Task instructions: The reply should hold every line of the listing exactly, and none of its images.
##### Input #####
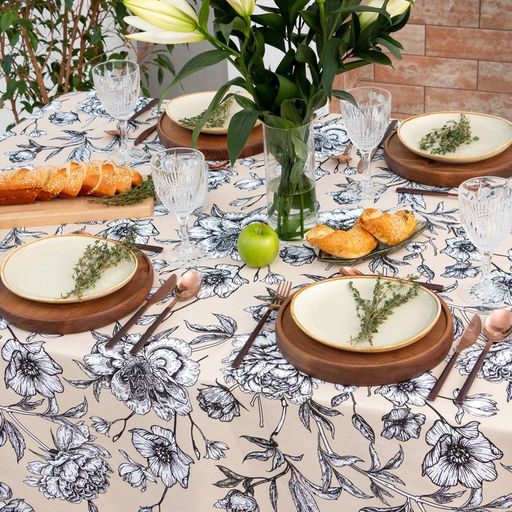 Скатерть Доляна Blooming garden 110х144 см, 100% хлопок, 164 г/м2  фото 3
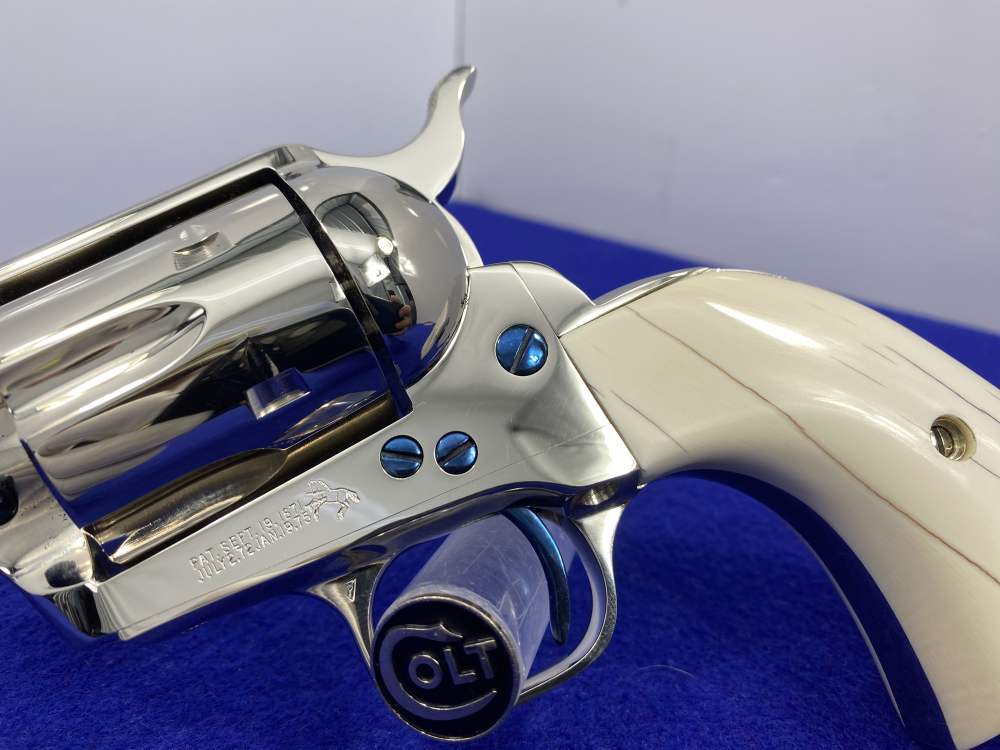 Colt Single Action Army Nickel *DESIRABLE WILKERSON MODEL* RARE 4" *Ejector-img-11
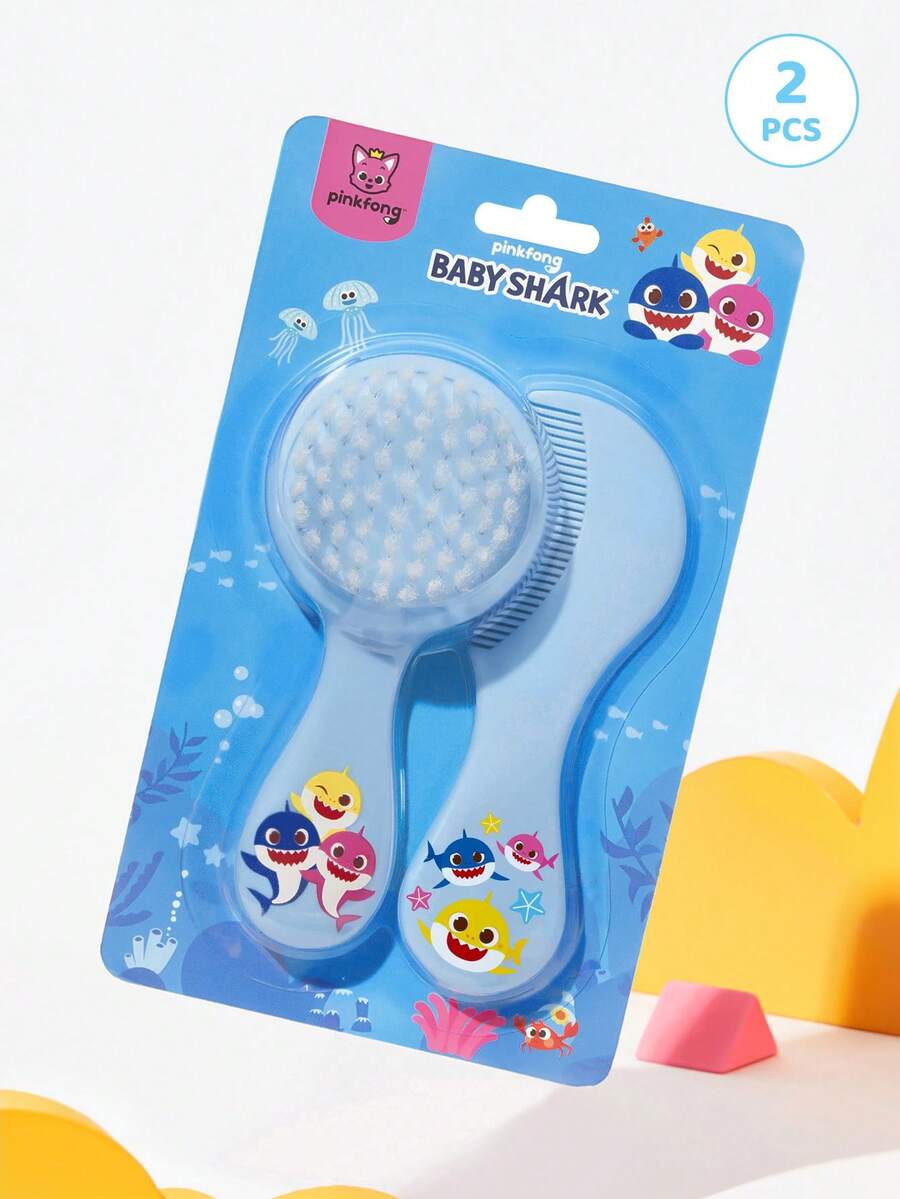 BABY SHARK X SHEIN 2 Pcs Soft Blue Hair Brush And Comb Set,Gently Removes Hair Tangles, Preventing Cradle Cap While Keeping Baby's Soft Spot Protected,Cute Cartoon Fish - Multicolor - View 1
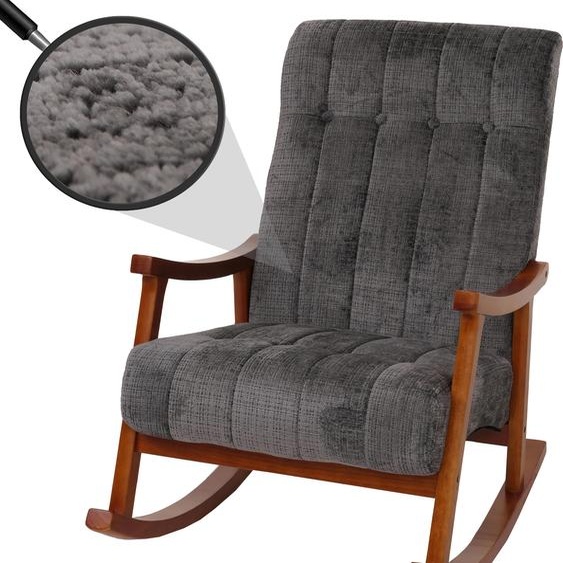 Fauteuil à bascule HWC-K10, relax, bois tissu/textile chenille (465g/m²) ~ gris foncé, piétement imitation noyer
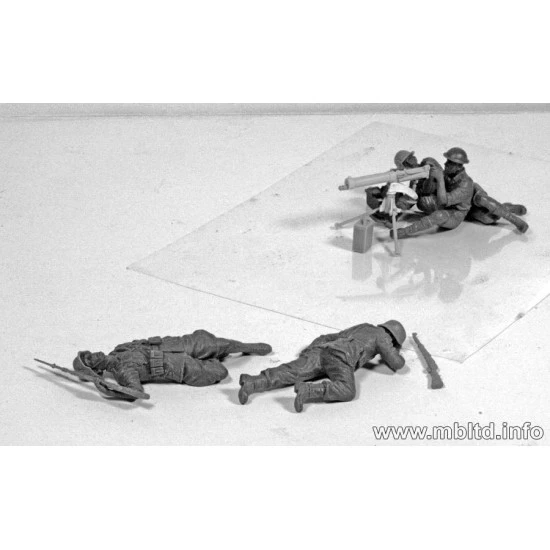 Vickers Machine Gun team, North Africa Desert Battle Series, WW II era 5 figures 1/35 Master Box 3597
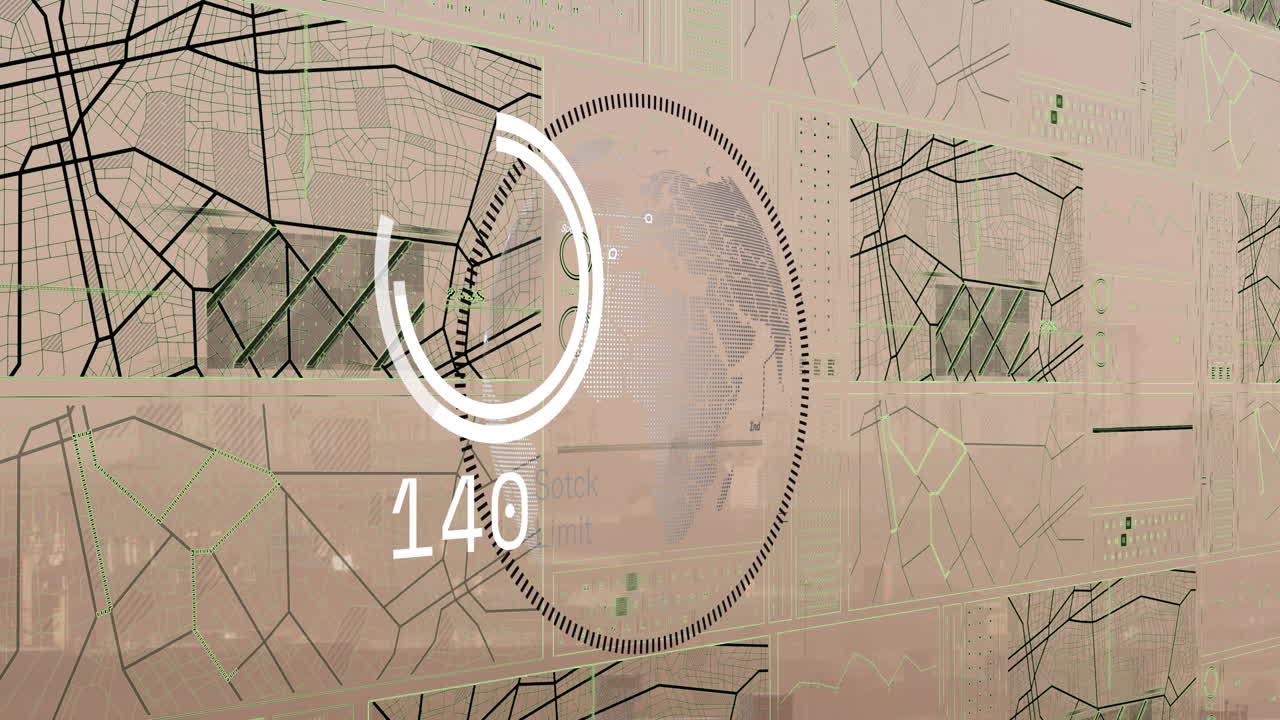 지구를 원으로 애니메이션, 로딩 원, 도시 위의 내비게이션 패턴과 함께 번호를 변경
#####
Response area:
 Скатерть Доляна Blooming garden 110х144 см, 100% хлопок, 164 г/м2  фото 3
 Colt Single Action Army Nickel *DESIRABLE WILKERSON MODEL* RARE 4" *Ejector-img-11
 BABY SHARK X SHEIN 2 Pcs Soft Blue Hair Brush And Comb Set,Gently Removes Hair Tangles, Preventing Cradle Cap While Keeping Baby's Soft Spot Protected,Cute Cartoon Fish - Multicolor - View 1
 Fauteuil à bascule HWC-K10, relax, bois tissu/textile chenille (465g/m²) ~ gris foncé, piétement imitation noyer
 Vickers Machine Gun team, North Africa Desert Battle Series, WW II era 5 figures 1/35 Master Box 3597
 지구를 원으로 애니메이션, 로딩 원, 도시 위의 내비게이션 패턴과 함께 번호를 변경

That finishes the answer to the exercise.